The designation sets a goal of 200 people and jobs per hectare in the downtown by 2031. Oshawa currently sits between 105 and 110.
The new plan also eliminates the loan programs currently offered to developers through these programs. Previously, the city allowed lenders a savings when their loans were paid back in a timely manner.
“Most of them were taking the loan and paying it back quickly in order to get (savings),” says Paul Ralph, Oshawa’s commissioner of development services.
Loans are also required to be filed as a lien on the property, which means a lot of paperwork on the city’s end. By eliminating the loans and having only grants, it could save staff a lot of work, Ralph says.
“There’s a lot of administrative red tape that we’re avoiding,” he says.
The new plans are also more updated and should be workable for future years, Ralph says.
“It puts in place more up to date programs that are more likely to succeed over time,” he says.

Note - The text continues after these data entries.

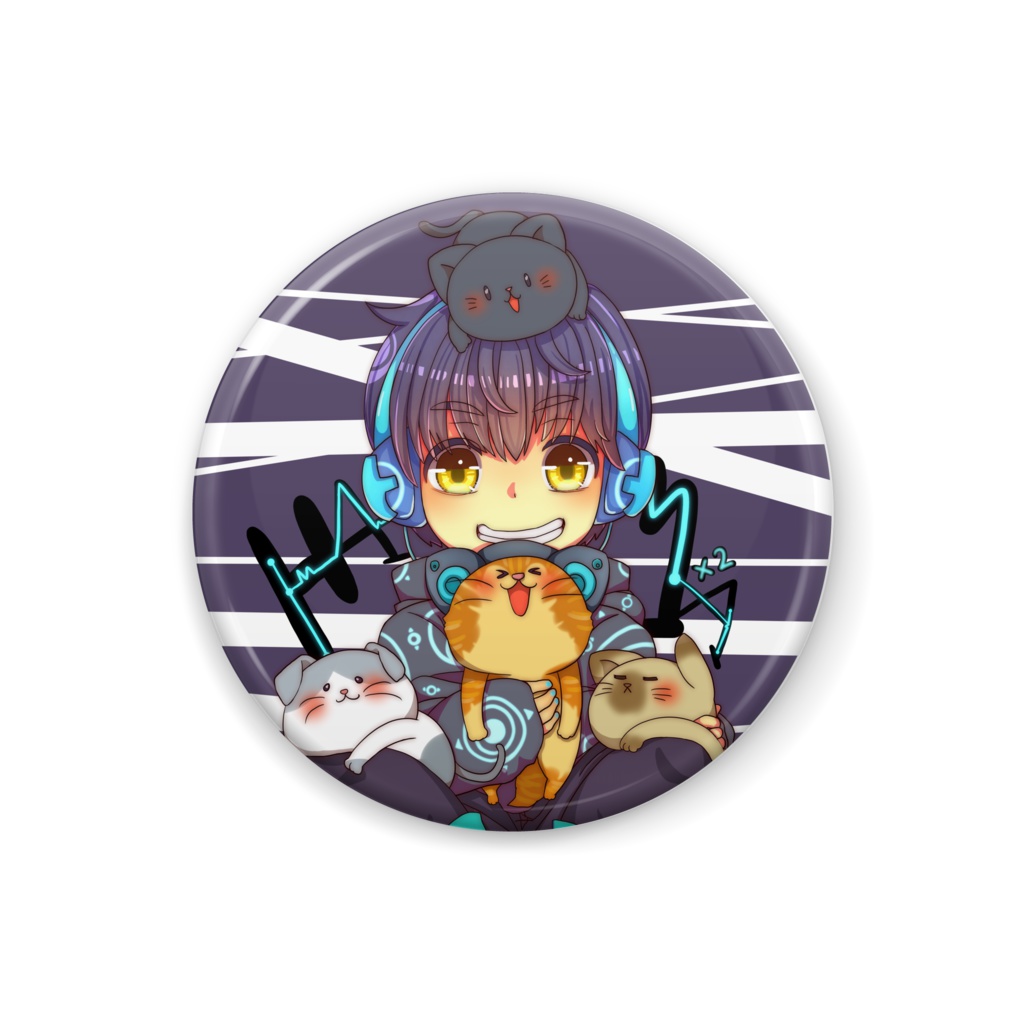 はまはまバッチ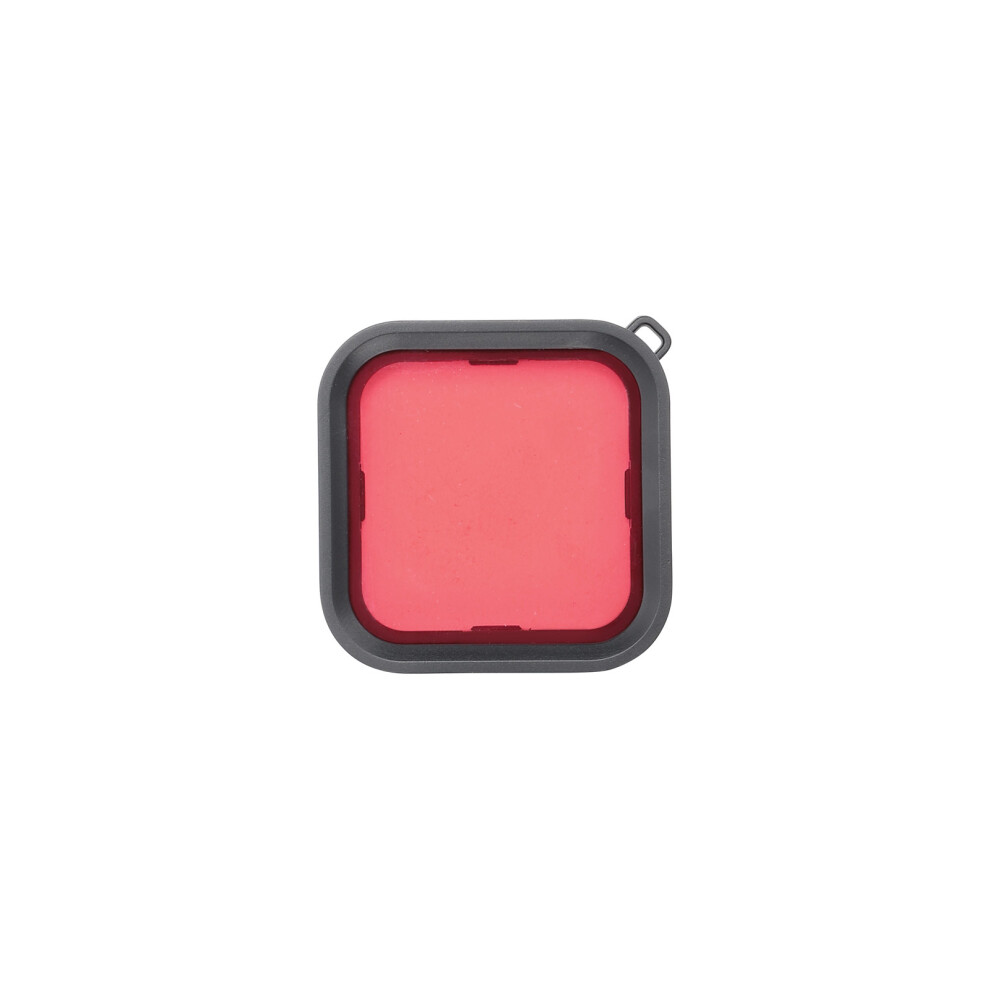 ( Filters) 40M Waterproof Case Diving 3 Filters Protective Housing Shell For Osmo Action 3 Fuchsia 123643838967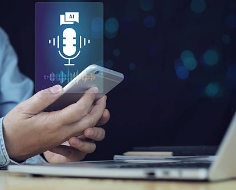 smart home technology:Voice-activated technology 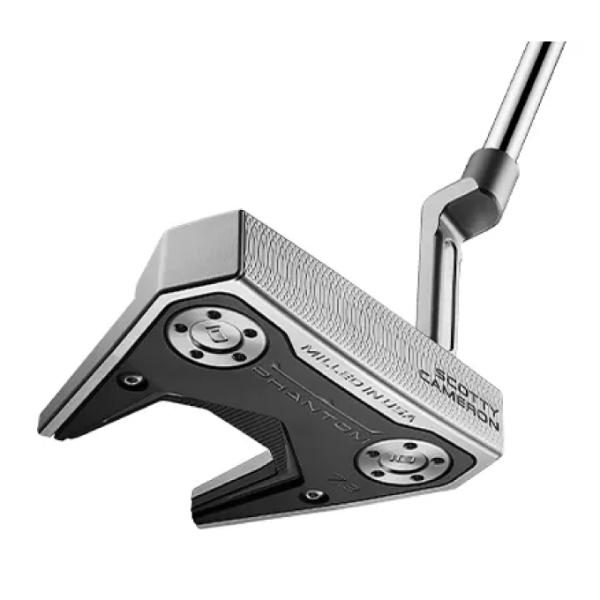 タイトリスト Titleist ゴルフクラブ パター メンズ スコッティ キャメロン ファントム SCOTTY CAMERON PHANTOM 25 PT #7.2 himaraya_0000001252010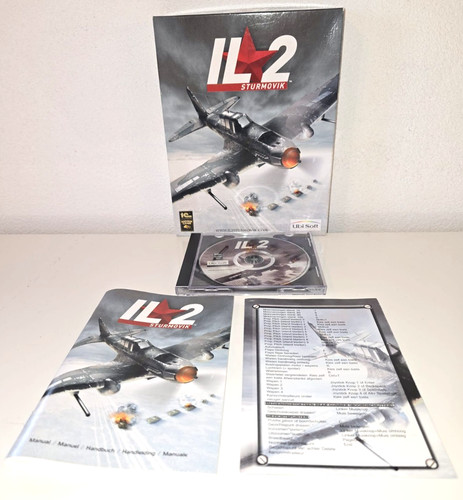 Sturmovik big box - sturmovik,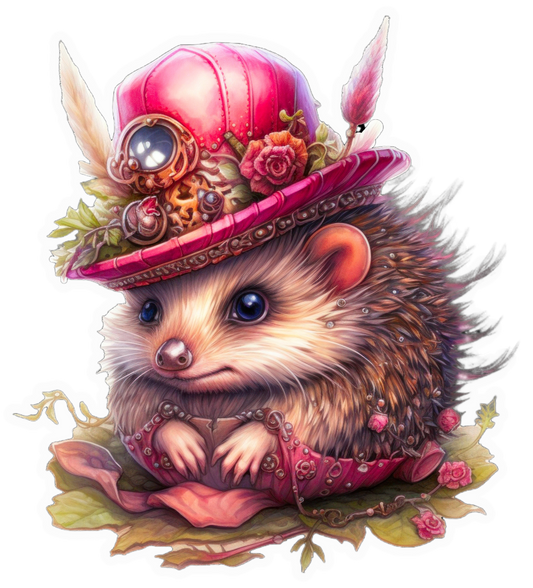 MISS TIDDLYPINKS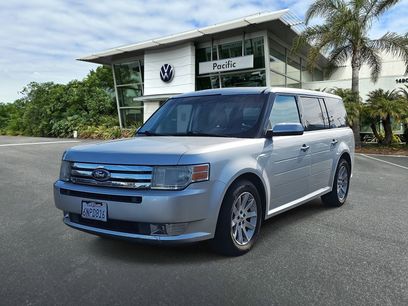 Used 2011 Ford Flex SEL w/ Rapid Spec Order Code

CIPs are put in place to encourage development in certain areas of the city by offering monetary incentives and benefits for building in particular areas. Oshawa currently has five CIPS: one for the university area in the north end, two for the downtown, one for brownfields and one for Simcoe Street South.
Under a new combined plan in the downtown, developers would be fighting over a $60,000 pot of cash, which is also shared by the city’s brownfield CIP.
According to Ralph, once that pot of money is gone, that’s it for CIP incentives for a given year, which he will be asking council to reconsider once the program is up and running.
“Once we get the new community improvement program in place, then we’ll be speaking to council with the 2017 budget to see if there’s an opportunity to increase that $60,000 to something greater,” Ralph says.
For perspective, in the last five years under the city’s Central Business District CIP (one set to be conglomerated under the Urban Growth Centre CIP), the city approved more than $800,000 in different incentives.
With the exception of last year, more than $125,000 was approved every year and more then $214,000 was paid out through 13 different applications in 2013.
For Councillor John Aker, the chair of the development services committee, the time to shovel money into the downtown is over.
“Municipalities usually throw money at a downtown to make it better. The Oshawa downtown is now in a strong development mode,” he says. “Strong in every aspect.”
Aker says the new plan will allow for the city to encourage specific types of development in the downtown that is needed, like residential.
“I do not believe we have to throw taxpayers’ dollars at the downtown to improve it,” he says. “I truly believe our downtown is moving forward in a very positive way and the council wants to encourage that forward movement.”
Following a public meeting on the CIPs amalgamating passed on Feb. 28 with no public opposition, the decision is set to go to council on March 21.